The top of the hill at Byxbee Park, surrounded by construction fencing, is being reshaped, and many of the distinctive teardrop-shaped hillocks are being removed. Photo: Lydia Lee
The hilltop at Byxbee Park, behind fencing, is being reshaped. Many of the distinctive teardrop-shaped hillocks are being removed. Photo: Lydia Lee

According to Richards, he was contacted last spring by Elise DeMarzo, the current manager of the city’s public art program, to see if he had anything in his contract saying that the work could not be tampered with. Unfortunately, Richards says, there was not. “My contract didn’t even call me an artist,” he says. “I was referred to as a ‘consultant.’”

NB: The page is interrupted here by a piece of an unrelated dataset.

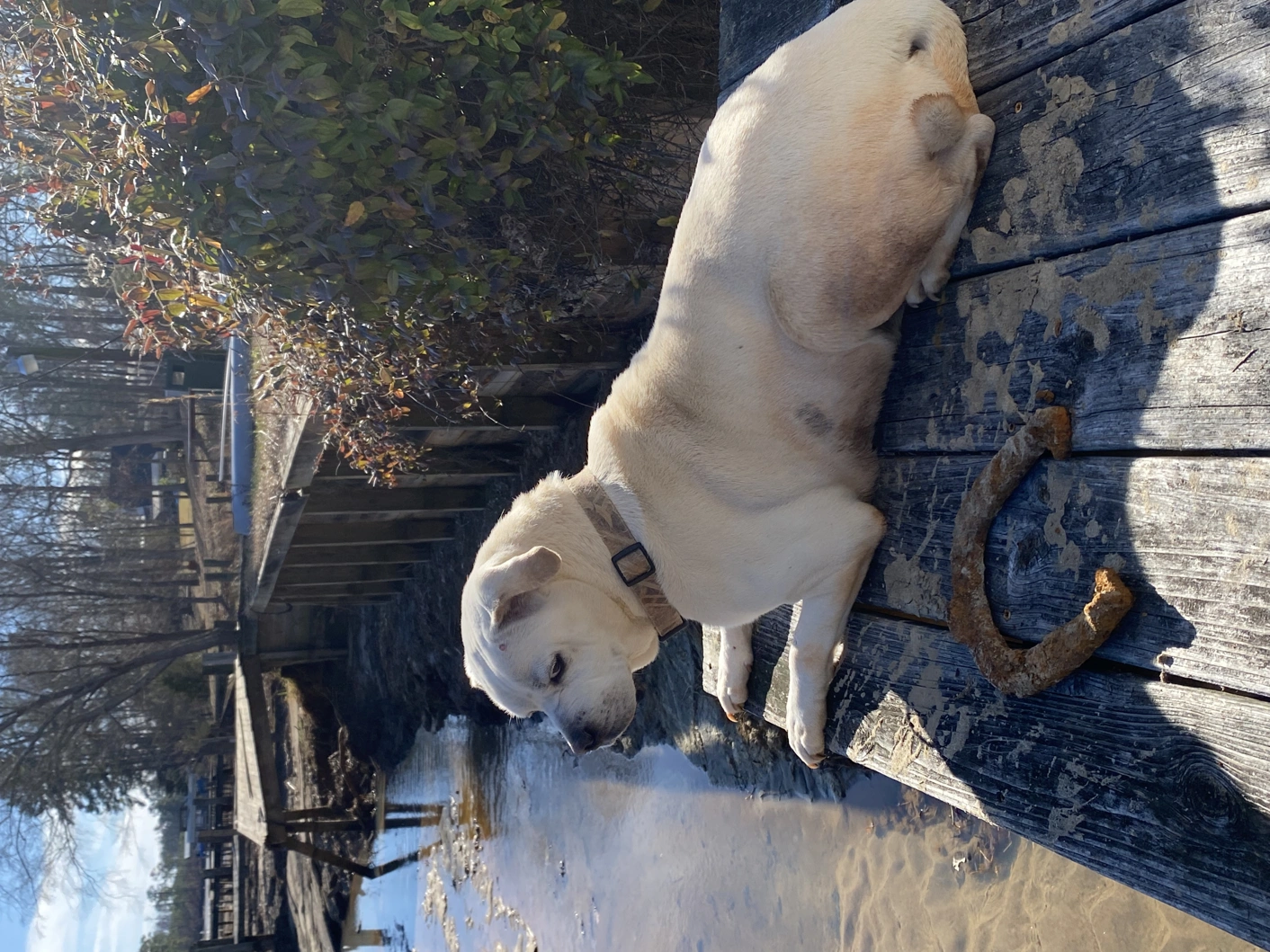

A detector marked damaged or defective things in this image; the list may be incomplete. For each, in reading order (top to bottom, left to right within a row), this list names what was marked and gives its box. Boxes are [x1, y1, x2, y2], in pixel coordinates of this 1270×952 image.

rusty horseshoe [950, 405, 1138, 695] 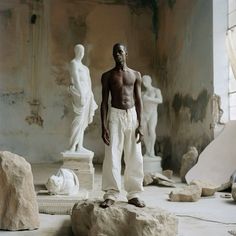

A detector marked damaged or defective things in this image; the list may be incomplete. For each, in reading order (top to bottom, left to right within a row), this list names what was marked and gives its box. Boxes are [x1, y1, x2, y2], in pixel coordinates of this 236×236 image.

peeling paint [171, 89, 210, 122]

In October of last year, DeMarzo recommended that the arts commission approve the changes to the park’s “art elements” because they needed to raise the level of the site and allow it to drain properly. “Due to the uneven settlement at the site, Public Works needs to bring in soil to restore the elevations and grades back into compliance,” the report said. It went on to say that ground squirrels had compromised many of the elements, and that invasive plants had taken over some of the hillocks.

What’s left of the design, apparently, will stay. In an e-mail, DeMarzo confirmed that there are no plans to take down the remaining artwork at Byxbee. “The city plans to update the signage to talk about the original design and the changes that have taken place,” she says. That plan is not of much comfort to Jones.

“Ideally they would have had us come back to figure out a solution, but they just wanted expediency,” Jones says.